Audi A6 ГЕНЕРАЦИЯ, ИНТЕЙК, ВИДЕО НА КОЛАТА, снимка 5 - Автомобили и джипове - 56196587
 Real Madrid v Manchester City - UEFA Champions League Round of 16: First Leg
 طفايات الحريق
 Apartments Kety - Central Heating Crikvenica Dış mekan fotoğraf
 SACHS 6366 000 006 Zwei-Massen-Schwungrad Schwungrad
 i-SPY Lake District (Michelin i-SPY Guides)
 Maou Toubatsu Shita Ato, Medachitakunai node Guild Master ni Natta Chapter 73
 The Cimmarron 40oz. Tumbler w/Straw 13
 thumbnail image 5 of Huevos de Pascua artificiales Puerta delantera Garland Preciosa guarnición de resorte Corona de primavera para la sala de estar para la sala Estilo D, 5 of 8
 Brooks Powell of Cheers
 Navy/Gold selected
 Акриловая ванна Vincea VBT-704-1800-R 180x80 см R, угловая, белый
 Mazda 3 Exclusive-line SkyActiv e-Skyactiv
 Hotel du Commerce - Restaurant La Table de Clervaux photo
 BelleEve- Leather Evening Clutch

= = = = = = =

> _GOAL OF THE EXERCISE_
Transcribe the data word for word.

> _RESULT OF THE TASK_
Audi A6 ГЕНЕРАЦИЯ, ИНТЕЙК, ВИДЕО НА КОЛАТА, снимка 5 - Автомобили и джипове - 56196587
 Real Madrid v Manchester City - UEFA Champions League Round of 16: First Leg
 طفايات الحريق
 Apartments Kety - Central Heating Crikvenica Dış mekan fotoğraf
 SACHS 6366 000 006 Zwei-Massen-Schwungrad Schwungrad
 i-SPY Lake District (Michelin i-SPY Guides)
 Maou Toubatsu Shita Ato, Medachitakunai node Guild Master ni Natta Chapter 73
 The Cimmarron 40oz. Tumbler w/Straw 13
 thumbnail image 5 of Huevos de Pascua artificiales Puerta delantera Garland Preciosa guarnición de resorte Corona de primavera para la sala de estar para la sala Estilo D, 5 of 8
 Brooks Powell of Cheers
 Navy/Gold selected
 Акриловая ванна Vincea VBT-704-1800-R 180x80 см R, угловая, белый
 Mazda 3 Exclusive-line SkyActiv e-Skyactiv
 Hotel du Commerce - Restaurant La Table de Clervaux photo
 BelleEve- Leather Evening Clutch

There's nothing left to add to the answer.